Tüp Bebekte Başarıyı Etkileyen Faktörler.
Tüp Bebekte Başarıyı Etkileyen Faktörler. Prof.Dr.Turgut Aydın
Tüp Bebekte Yeni Yaklaşımlar ve Avrupa Güncellemeleri
Tüp bebek tedavisinde her yıl dünya çapında önemli güncellemeler yapılmaya devam ediyor. Avrupa Üreme Sağlığı Derneği (ESHRE) tarafından yayımlanan son protokol güncellemeleri, özellikle yumurtalık uyarımı (ovülasyon indüksiyonu) ve embriyo transfer süreçleri üzerinde yoğunlaşıyor. Artık hangi hastalarda dondurma yapılması gerektiği, hangi protokollerin gereksiz olduğu ve hangi ilaç dozlarının yeterli olduğu çok daha net biçimde tanımlanmış durumda.
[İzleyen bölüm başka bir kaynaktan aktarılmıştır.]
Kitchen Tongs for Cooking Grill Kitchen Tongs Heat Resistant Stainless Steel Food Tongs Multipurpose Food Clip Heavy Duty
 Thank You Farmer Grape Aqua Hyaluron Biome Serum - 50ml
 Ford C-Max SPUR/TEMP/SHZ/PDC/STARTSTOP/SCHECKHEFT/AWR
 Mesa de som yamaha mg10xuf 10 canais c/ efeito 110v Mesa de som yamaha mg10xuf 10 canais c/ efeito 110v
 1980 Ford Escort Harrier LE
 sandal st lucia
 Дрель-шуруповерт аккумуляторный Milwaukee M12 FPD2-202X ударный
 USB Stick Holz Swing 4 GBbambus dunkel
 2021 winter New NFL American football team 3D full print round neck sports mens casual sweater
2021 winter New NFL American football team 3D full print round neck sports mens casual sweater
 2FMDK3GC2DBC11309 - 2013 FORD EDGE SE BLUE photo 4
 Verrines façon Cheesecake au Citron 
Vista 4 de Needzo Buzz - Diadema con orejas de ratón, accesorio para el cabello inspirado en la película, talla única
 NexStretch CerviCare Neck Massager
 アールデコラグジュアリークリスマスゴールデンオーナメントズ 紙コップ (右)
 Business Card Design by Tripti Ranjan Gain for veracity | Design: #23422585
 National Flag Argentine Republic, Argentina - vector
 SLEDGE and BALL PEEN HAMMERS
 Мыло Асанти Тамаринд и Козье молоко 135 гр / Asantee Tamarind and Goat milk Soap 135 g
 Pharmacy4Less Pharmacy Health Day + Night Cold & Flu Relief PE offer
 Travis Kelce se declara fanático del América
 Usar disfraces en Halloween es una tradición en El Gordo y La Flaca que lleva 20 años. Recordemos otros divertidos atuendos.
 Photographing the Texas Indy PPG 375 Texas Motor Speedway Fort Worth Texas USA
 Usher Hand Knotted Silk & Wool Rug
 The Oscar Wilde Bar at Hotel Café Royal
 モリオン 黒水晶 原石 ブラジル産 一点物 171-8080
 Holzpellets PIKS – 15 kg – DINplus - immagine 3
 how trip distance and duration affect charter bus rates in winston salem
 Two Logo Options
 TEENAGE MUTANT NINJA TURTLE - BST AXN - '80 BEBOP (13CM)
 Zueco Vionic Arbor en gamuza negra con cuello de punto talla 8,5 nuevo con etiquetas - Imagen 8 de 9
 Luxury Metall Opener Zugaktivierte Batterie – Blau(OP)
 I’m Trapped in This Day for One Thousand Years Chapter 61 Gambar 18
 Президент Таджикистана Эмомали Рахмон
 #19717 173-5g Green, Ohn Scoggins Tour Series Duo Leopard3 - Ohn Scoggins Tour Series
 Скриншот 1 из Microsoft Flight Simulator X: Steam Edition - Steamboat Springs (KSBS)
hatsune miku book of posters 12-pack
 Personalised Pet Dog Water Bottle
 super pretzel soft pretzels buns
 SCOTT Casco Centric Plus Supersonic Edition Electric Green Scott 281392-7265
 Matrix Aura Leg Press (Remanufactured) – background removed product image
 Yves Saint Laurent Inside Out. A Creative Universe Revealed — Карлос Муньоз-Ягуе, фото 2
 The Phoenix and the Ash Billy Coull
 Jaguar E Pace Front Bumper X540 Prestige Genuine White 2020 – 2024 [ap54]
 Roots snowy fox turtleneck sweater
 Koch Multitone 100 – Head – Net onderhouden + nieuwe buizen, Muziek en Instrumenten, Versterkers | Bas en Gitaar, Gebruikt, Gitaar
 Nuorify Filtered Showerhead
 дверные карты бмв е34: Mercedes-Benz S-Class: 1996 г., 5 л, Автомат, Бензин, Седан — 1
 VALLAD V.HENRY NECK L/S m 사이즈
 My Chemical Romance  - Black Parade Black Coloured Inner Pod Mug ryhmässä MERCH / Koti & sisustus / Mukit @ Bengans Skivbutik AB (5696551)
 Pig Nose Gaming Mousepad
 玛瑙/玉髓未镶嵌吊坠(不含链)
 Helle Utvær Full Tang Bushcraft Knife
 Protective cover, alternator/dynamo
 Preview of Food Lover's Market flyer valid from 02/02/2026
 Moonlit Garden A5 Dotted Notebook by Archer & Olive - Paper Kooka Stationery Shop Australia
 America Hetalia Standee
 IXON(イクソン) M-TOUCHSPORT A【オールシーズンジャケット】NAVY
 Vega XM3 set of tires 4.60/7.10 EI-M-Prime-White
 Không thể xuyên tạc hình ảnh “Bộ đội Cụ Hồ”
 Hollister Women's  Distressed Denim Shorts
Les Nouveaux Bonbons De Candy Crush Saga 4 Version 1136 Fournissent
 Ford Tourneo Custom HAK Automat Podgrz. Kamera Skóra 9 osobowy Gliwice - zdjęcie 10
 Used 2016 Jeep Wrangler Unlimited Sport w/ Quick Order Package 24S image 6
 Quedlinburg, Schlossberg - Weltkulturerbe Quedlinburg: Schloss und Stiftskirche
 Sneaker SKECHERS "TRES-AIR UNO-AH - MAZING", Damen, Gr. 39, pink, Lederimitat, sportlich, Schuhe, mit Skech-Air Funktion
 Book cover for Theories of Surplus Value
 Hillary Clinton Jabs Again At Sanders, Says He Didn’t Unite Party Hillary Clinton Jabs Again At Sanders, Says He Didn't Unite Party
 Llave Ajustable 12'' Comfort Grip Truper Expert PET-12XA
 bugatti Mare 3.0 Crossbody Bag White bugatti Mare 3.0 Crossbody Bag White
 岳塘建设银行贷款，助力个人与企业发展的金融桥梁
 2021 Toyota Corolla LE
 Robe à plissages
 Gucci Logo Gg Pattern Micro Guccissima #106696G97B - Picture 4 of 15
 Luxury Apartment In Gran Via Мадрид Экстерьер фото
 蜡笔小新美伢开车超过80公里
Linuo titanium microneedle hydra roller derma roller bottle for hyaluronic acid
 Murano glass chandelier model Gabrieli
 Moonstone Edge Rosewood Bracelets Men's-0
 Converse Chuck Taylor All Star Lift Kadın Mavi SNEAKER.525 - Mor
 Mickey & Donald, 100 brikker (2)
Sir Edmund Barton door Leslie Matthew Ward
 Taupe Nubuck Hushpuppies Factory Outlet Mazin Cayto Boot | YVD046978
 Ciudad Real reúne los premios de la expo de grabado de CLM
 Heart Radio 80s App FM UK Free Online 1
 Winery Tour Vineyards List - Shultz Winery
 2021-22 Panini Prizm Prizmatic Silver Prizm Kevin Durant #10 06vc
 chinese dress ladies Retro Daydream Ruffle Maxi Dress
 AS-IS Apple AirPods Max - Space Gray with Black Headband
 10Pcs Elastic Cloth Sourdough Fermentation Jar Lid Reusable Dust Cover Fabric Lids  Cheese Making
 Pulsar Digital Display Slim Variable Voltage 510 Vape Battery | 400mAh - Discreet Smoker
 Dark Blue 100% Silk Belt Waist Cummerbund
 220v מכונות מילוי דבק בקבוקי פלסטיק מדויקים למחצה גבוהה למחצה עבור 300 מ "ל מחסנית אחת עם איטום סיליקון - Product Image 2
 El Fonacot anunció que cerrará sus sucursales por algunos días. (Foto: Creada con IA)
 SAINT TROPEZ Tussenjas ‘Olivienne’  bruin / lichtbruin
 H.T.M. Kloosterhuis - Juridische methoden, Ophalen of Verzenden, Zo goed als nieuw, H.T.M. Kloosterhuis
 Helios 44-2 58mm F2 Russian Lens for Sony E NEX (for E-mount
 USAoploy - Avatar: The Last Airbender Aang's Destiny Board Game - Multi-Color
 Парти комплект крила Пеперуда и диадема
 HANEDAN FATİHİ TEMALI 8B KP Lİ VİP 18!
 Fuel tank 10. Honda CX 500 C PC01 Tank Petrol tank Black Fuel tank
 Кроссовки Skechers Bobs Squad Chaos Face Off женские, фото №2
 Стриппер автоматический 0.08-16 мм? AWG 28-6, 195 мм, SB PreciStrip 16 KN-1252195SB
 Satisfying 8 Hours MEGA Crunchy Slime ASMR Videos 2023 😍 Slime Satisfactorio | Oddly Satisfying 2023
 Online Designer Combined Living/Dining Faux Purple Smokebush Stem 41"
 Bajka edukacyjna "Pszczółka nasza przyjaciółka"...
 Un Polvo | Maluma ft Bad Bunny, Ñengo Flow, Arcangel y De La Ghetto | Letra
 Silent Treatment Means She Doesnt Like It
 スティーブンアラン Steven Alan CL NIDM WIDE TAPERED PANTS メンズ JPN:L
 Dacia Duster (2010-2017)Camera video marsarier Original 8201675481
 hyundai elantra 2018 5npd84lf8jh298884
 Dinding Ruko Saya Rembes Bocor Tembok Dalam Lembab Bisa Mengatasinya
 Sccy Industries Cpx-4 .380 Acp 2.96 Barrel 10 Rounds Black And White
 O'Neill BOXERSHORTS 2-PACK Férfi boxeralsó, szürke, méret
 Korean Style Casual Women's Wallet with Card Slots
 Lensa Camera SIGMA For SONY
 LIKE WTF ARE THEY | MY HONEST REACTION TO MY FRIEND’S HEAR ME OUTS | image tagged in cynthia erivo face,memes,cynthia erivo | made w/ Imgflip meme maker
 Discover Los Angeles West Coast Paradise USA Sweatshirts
Prof. Dr. Turgut Aydın, geçtiğimiz aylarda Kıbrıs’ta düzenlenen bir kongrede bu konularda sunum yaptı. Katılımın yoğunluğu, alanın ne kadar ilgi çektiğini de gösteriyordu. Doktor, bu toplantılarda kendi merkezinde yapılan progesteron seviyeleri ve embriyo transfer zamanlaması üzerine yürütülen çalışmaları sunduklarını, bu verilerin kabul edildiğini ve ESHRE kongresinde de sunulacağını belirtti.
Amaç: En Basit Yolla Gebelik Sağlamak
Prof. Aydın’a göre asıl hedef, hastanın en konforlu ve en doğal biçimde gebelik elde etmesini sağlamak.
“Tüp bebekte biz bazen bir şeyi düzeltirken, bir başka sistemi bozabiliyoruz,” diyor.
Gereksiz ilaç yüklemeleri, hastanın hem bedensel hem psikolojik olarak yıpranmasına neden oluyor.
Oysa bazı durumlarda sistem zaten mükemmel işliyor — sadece doğru anda embriyo transferi yeterli olabiliyor.
Bunu bir benzetmeyle açıklıyor:
“Bir araba çalışmıyorsa önce benzine bakmak gerekir. Arabanın tüm parçalarını söküp yeniden yapmak yerine eksik olanı tamamlamak gerekir. Kadında ya yumurta çıkmıyordur, ya sperm yumurtaya ulaşamıyordur, ya da rahim içi yapışıklık vardır. Aslında bu kadar basittir. Ama biz bazen gereksiz karmaşıklaştırıyoruz.”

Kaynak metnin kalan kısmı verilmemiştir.